In Part 3, we got a feel for the AutoDiff API. Now let’s go a little deeper.

Custom Derivatives

Some functions aren’t already differentiable, but you can register custom derivatives to make them differentiable.

sin(x) is an automatically differentiable function. But let’s pretend it wasn’t, and we needed to make it so:

func sinButNotDifferentiable(x: Double) -> Double{ return sin(x) }

If you’ll recall, the derivative of sin(x) is cos(x). Here’s how we tell that to the compiler: We’ll make a function that returns a tuple of two things: the regular output of the function (called value), and a pullback, which will calculate the derivative.

Remember from Part 3, the pullback defines the reverse pass for sin(x). It should receive the derivative with respect to the output, and multiply it by the derivative of sin(x), which is cos(x). This produces the derivative with respect to the input, which the pullback returns.

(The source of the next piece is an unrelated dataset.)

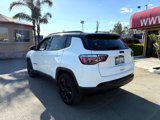 Used 2019 Jeep Compass Latitude image 3
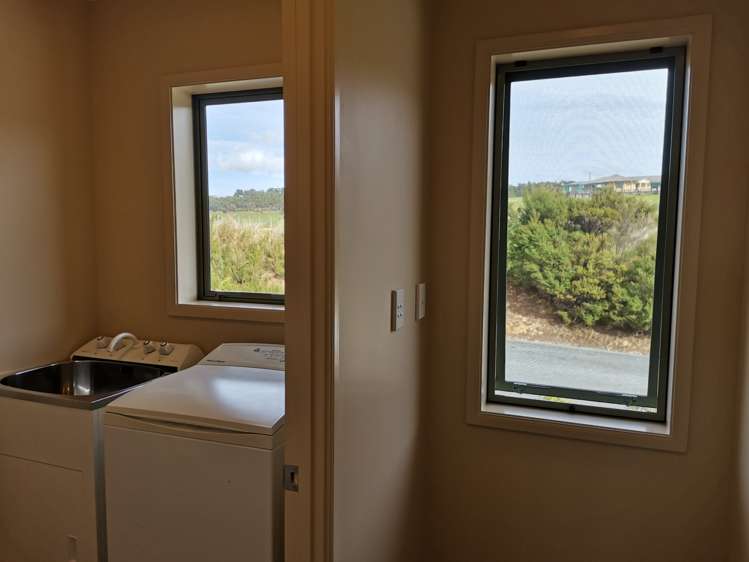 109 Sandford Road Ruakaka_12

By doing this, the pullback automatically becomes a link in the chain of pullbacks which make up the reverse pass.*

We’ll label this function with @derivative(of:) so the compiler can recognize it properly.

typealias D = Double //just for readability
@derivative(of: sinButNotDifferentiable)
func valueAndPullbackOfSin(x: D) -> (value: D, pullback: (D) -> D)
{
    let regularOutput = sinButNotDifferentiable(x: x)
    
    func pullback(derivativeToOutput: D) -> D {
        let derivativeToInput = cos(x) * derivativeToOutput
        return derivativeToInput
    }
    return (value: regularOutput, pullback: pullback)
}

Let’s test our derivative against the built-in automatic differentiation:

let gradAutomatic = gradient(at: 2.2, of: sin)
let gradManual = gradient(at: 2.2, of: sinButNotDifferentiable)
if gradManual == gradAutomatic { 
    print(“the manually registered derivative is correct!”) 
}
//Prints: the manually registered derivative is correct!

Here are further reference and examples for manually registering derivatives: https://www.tensorflow.org/swift/tutorials/custom_differentiation

Finally, structs are differentiable, for example:

struct Thing: Differentiable{
    var a: Double = 5
    var b: Double = 5
}
func takesThing(thing: Thing) -> Double{
    return thing.a * 3 + thing.b * 2
}
let thing = Thing()
let gradWithRespectToThing = gradient(at: thing, of: takesThing)
print(gradWithRespectToThing)
// prints: TangentVector(a: 3.0, b: 2.0)

The derivatives with respect to a Thing are held in an new, automatically created type: Thing.TangentVector. Thing.TangentVector also has an a and b, and they hold the derivatives that correspond to Thing.a and Thing.b.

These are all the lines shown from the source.